:: Data to use

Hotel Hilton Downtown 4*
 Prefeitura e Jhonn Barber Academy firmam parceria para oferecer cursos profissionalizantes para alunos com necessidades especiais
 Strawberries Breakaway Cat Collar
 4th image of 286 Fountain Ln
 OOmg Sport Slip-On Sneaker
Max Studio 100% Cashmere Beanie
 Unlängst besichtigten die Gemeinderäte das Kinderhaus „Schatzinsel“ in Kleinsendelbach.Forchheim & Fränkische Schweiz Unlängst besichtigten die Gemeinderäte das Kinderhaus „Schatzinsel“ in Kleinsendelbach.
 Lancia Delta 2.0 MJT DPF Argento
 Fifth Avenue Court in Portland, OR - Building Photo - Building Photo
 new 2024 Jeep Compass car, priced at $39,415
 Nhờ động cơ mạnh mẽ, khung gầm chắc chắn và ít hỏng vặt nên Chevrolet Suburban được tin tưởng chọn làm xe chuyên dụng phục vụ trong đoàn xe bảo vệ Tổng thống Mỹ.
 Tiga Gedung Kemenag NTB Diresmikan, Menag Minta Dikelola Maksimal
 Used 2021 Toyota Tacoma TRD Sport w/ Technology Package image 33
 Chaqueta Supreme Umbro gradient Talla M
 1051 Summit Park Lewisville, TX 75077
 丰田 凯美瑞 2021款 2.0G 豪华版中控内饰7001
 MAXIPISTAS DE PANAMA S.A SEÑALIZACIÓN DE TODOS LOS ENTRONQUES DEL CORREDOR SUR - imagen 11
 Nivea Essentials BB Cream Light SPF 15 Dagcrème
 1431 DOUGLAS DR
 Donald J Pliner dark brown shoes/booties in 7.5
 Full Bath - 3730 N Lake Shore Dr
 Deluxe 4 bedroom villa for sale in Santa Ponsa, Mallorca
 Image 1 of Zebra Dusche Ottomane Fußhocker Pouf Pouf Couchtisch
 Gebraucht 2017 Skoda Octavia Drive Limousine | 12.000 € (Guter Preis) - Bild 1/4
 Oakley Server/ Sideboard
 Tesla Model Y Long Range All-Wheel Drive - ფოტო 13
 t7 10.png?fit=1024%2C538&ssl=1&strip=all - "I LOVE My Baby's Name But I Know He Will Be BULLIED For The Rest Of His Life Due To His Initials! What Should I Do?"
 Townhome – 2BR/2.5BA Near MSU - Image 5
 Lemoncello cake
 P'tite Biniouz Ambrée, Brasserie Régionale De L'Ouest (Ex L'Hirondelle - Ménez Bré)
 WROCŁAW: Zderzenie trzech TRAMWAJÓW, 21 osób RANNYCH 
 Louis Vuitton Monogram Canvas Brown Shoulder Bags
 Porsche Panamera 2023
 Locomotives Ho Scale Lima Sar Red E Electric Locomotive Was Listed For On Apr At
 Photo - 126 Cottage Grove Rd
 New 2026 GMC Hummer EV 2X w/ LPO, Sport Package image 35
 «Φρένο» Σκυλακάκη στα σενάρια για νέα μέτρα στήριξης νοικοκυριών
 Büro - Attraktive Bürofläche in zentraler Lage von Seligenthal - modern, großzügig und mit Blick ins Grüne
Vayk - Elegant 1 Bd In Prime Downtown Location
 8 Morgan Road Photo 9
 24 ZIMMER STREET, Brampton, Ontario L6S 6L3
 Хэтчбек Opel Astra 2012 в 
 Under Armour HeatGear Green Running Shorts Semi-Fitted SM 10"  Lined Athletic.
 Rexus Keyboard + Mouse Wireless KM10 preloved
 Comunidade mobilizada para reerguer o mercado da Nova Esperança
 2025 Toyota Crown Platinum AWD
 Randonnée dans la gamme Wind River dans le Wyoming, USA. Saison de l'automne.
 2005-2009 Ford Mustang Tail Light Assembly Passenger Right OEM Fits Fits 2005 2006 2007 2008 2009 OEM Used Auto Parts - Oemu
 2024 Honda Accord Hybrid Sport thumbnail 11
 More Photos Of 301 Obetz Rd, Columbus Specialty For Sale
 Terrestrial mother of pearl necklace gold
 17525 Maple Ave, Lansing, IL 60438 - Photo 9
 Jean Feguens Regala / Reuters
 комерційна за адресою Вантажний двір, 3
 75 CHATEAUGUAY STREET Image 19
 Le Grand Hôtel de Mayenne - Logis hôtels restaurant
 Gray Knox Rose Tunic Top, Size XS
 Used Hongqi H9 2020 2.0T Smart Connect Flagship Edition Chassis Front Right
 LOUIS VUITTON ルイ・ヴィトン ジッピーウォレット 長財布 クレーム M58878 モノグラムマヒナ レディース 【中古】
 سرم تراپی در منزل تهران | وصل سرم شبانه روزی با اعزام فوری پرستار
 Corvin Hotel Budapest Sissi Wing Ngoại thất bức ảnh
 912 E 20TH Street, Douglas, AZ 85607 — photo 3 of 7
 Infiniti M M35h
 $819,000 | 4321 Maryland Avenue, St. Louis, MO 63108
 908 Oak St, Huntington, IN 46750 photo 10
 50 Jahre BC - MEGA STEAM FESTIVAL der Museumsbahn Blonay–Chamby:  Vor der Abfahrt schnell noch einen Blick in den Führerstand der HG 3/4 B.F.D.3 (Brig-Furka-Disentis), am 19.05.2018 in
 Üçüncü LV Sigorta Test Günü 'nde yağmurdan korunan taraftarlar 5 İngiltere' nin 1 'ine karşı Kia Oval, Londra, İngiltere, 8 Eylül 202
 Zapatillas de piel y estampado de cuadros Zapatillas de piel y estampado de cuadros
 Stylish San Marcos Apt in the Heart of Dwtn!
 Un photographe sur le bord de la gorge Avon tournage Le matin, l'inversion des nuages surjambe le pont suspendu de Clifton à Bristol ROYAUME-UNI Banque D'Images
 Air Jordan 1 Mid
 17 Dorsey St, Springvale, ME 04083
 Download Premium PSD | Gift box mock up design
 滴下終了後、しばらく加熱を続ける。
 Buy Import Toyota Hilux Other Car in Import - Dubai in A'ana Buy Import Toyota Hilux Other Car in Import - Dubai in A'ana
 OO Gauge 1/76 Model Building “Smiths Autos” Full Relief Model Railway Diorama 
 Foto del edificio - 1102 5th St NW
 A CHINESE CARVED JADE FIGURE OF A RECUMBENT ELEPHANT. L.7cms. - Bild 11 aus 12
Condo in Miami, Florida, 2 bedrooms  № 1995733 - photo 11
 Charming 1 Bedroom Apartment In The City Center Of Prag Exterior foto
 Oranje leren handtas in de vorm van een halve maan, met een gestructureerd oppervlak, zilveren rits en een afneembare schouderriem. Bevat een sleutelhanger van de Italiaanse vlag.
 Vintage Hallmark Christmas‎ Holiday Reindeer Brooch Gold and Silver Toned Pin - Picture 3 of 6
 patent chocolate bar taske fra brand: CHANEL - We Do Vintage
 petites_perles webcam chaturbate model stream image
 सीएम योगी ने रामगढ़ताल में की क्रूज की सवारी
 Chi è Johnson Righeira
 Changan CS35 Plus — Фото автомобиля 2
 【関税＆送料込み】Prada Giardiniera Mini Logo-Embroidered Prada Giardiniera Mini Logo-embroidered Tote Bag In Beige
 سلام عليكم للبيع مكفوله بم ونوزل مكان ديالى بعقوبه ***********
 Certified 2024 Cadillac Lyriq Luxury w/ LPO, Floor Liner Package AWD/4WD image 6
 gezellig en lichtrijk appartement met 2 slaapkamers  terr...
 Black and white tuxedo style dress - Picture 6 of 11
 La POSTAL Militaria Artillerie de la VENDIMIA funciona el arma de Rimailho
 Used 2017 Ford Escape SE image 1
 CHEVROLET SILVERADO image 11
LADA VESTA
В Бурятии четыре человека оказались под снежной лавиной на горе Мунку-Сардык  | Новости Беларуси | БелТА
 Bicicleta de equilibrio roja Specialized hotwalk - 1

::::

Task prompt: Give only the number of lines above holding "Drive".

Exercise answer: 2